I tried to run Frame:GetChildren() on an anchor frame to count the children and anchor them to the anchor frame itself instead of to each other, but Frame:GetChildren() returns a table of tables, and the "#" operator doesn't count tables.

As a bonus, I would like the user to be able to change the order of the frames - 3, 1, 4, 2; 4, 2, 3, 1; etc.

The question of how to do this has consumed me all day today. Perhaps it's the lack of sleep, or perhaps the lack of Lua experience. Either way, any help would be much appreciated.

Kanegasi 09-19-19 10:12 PM

GetChildren returns a table of tables because frames are tables.

Lua Code:
  1. local parent = CreateFrame("frame","Foo")
  2. local child1 = CreateFrame("frame","Bar1",parent) -- can also use Foo instead of parent, cannot be a string
  3. local child2 = CreateFrame("frame","Bar2",parent)
  4.  
  5. local children = parent:GetChildren()
  6.  
  7. print( children[1] == child1 ) -- true
  8. print( children[2] == child2 ) -- true
  9. print( children[1] == Bar1 ) -- true
  10. print( children[2] == Bar2 ) -- true
  11.  
  12. local count = 0
  13. for k in ipairs(children) do
  14.     count = count + 1
  15. end

Nibs 09-20-19 06:31 AM

Yes, I knew that the frames themselves were tables. I come from a web-dev background and I would tackle this problem a little differently in JS. Your reply helps a lot. Thanks a bunch.

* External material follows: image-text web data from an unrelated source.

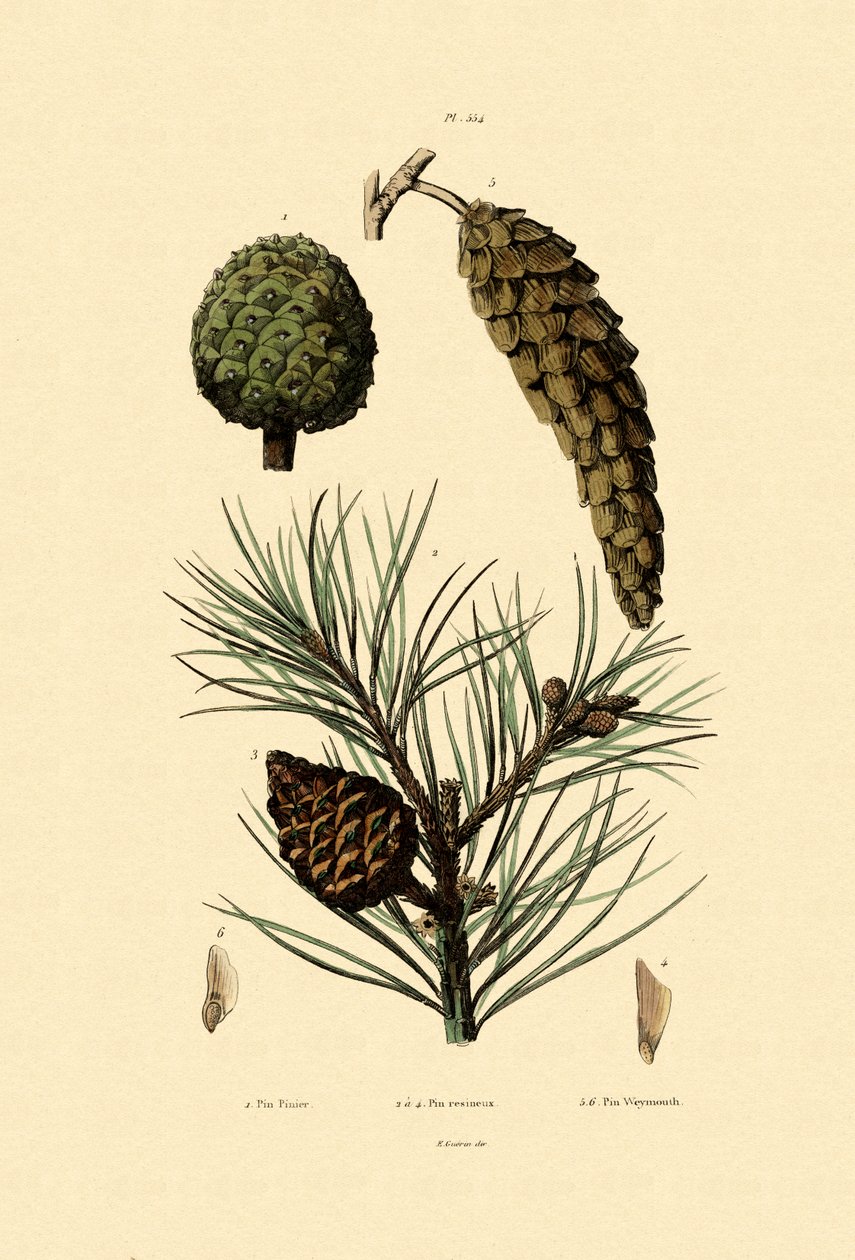 Weymouth Pine by French School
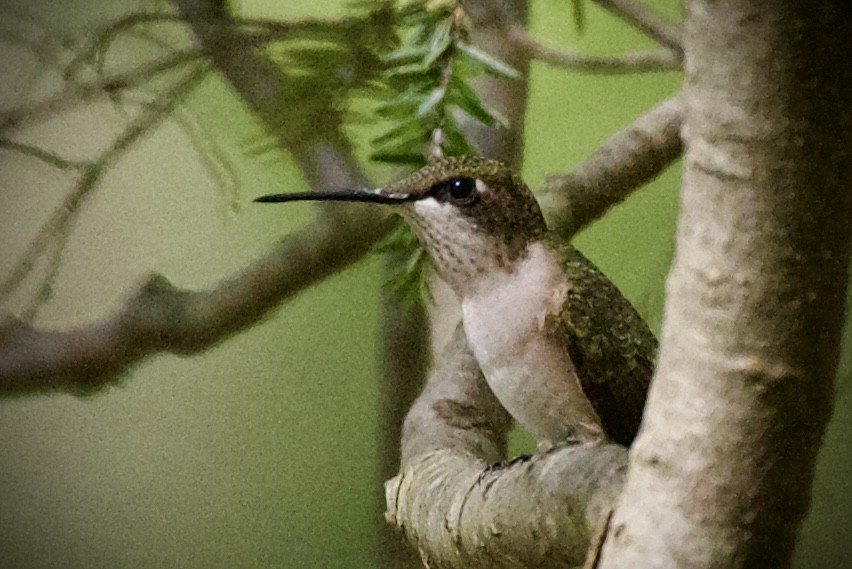 ノドアカハチドリ - ML641161560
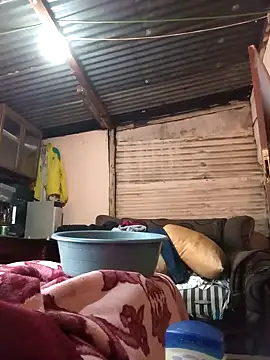 horsepower1988 online show from September 25, 2025, 9:24 am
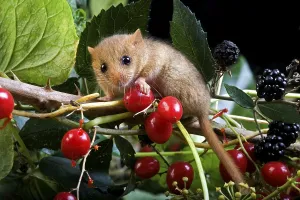 COMMON hazel dormouse (muscardinus avellanarius)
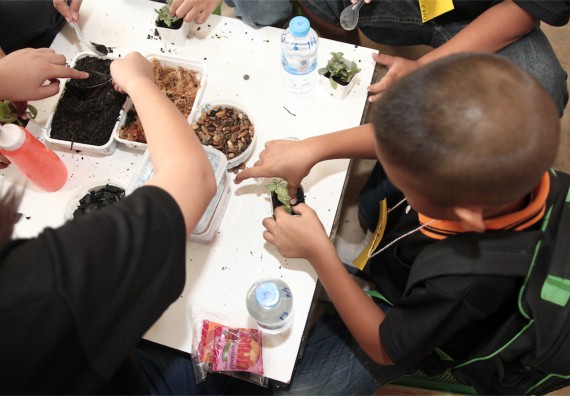 คณะวิทยาศาสตร์และเทคโนโลยี ได้จัดกิจกรรมค่ายวิทยาศาสตร์โรงเรียนสาธิตฯ ระดับชั้นประถมศึกษา ปีที่1-3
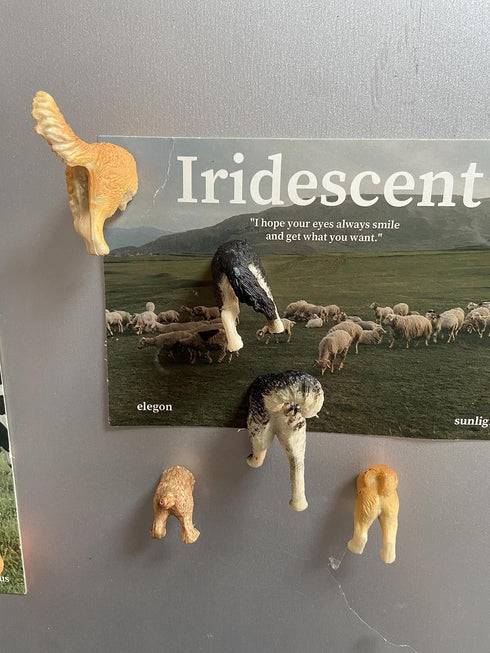 8Pcs Add Some Humor and Funny to Your Fridge with Dog Butt Magnets - Perfect for Home Refrigerator Magnets for Adults or Kids (Dog Butts)......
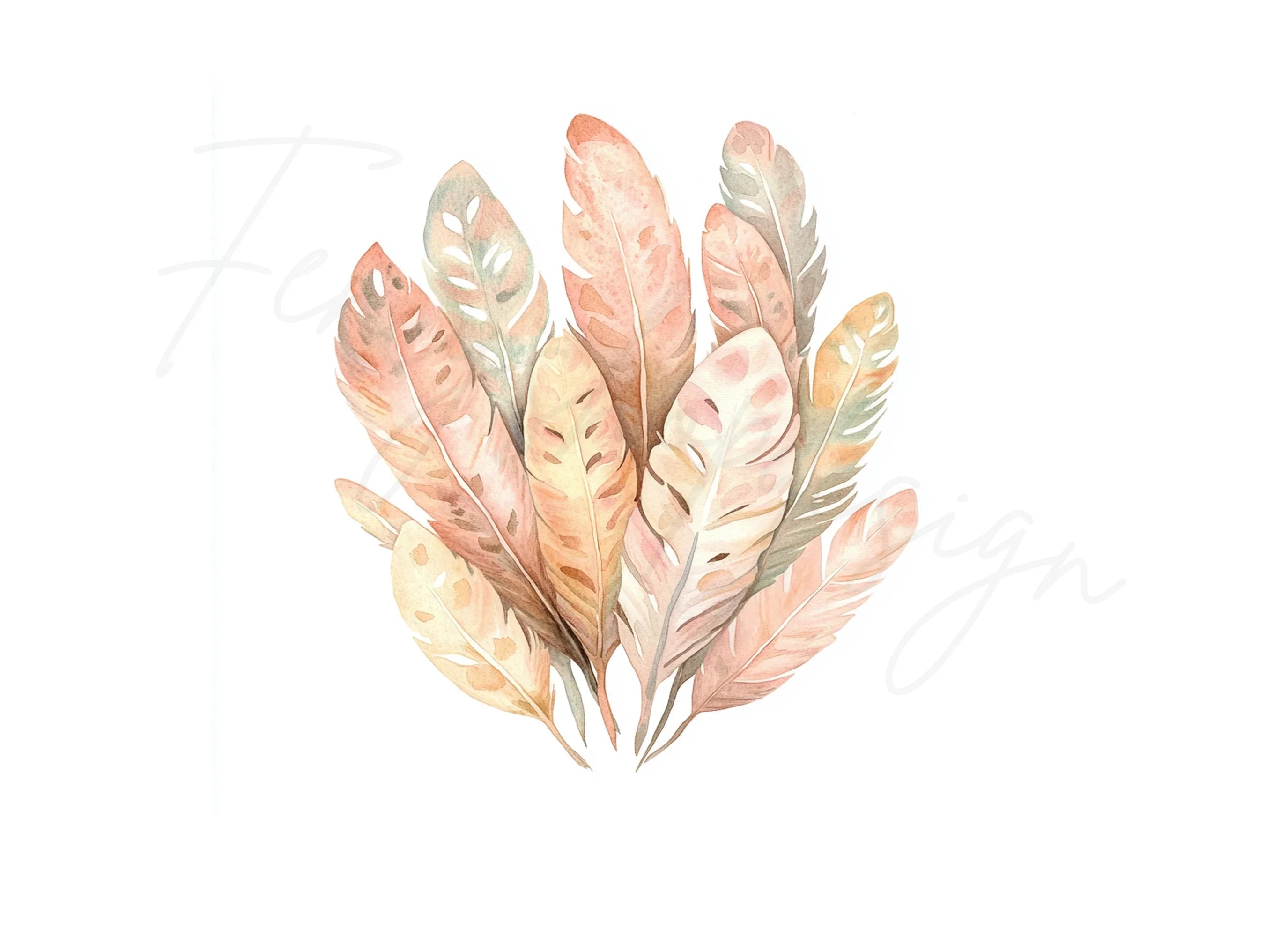 Boho Chic Feather Clipart Bundle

Sharparam 09-20-19 07:08 AM

Quote:

Originally Posted by Nibs (Post 333876)
[...] the "#" operator doesn't count tables.

Yes it does. see for example:

Lua Code:
  1. local tables = {
  2.     {1, 2, 3},
  3.     {4, 5, 6},
  4.     {7, 8, 9}
  5. }
  6.  
  7. print(#tables) -- prints "3"

As long as the indices start at 1 and are contiguous it will count just fine. But if you have an index missing somewhere in the chain, it will stop counting there. For example:

Lua Code:
  1. local tables = {}
  2. tables[1] = {1, 2, 3}
  3. tables[3] = {4, 5, 6} -- Notice we skipped index 2
  4. tables[4] = {7, 8, 9}
  5.  
  6. print(#tables) -- prints "1"

Edit: Actually, the behaviour of the "#" operator on a non-contiguous table is undefined, so you cannot rely on the output if the table doesn't have indices in sequence.